■ The task: What is needed is a word-for-word transcript of the listing, free of pictures.

*** Opening of Stored data ***

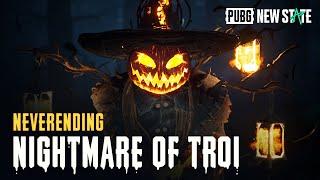 NEVERENDING NIGHTMARE OF TROI | PUBG: NEW STATE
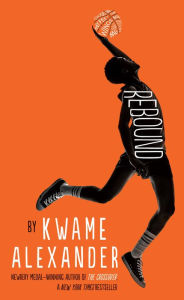 Title: Rebound, Author: Kwame Alexander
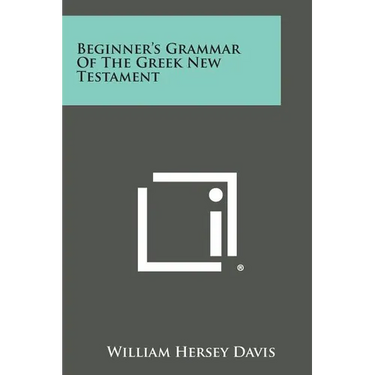 Beginner's Grammar of the Greek New Testament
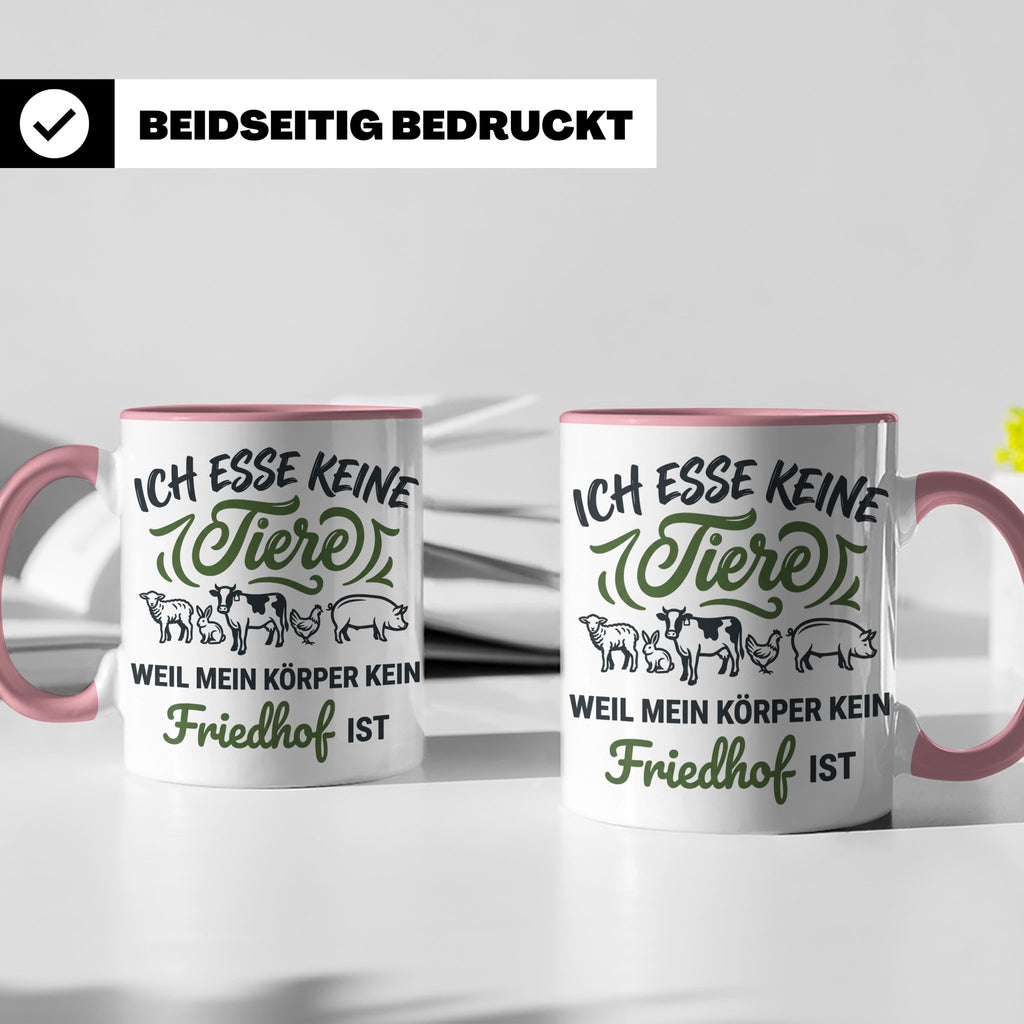 Tasse Veganer Spruch Ich esse keine Tiere weil mein Körper k – Rosa [farbe:rosa]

*** Close of Stored data ***

■ Solution for this task:
 NEVERENDING NIGHTMARE OF TROI | PUBG: NEW STATE
 Title: Rebound, Author: Kwame Alexander
 Beginner's Grammar of the Greek New Testament
 Tasse Veganer Spruch Ich esse keine Tiere weil mein Körper k – Rosa [farbe:rosa]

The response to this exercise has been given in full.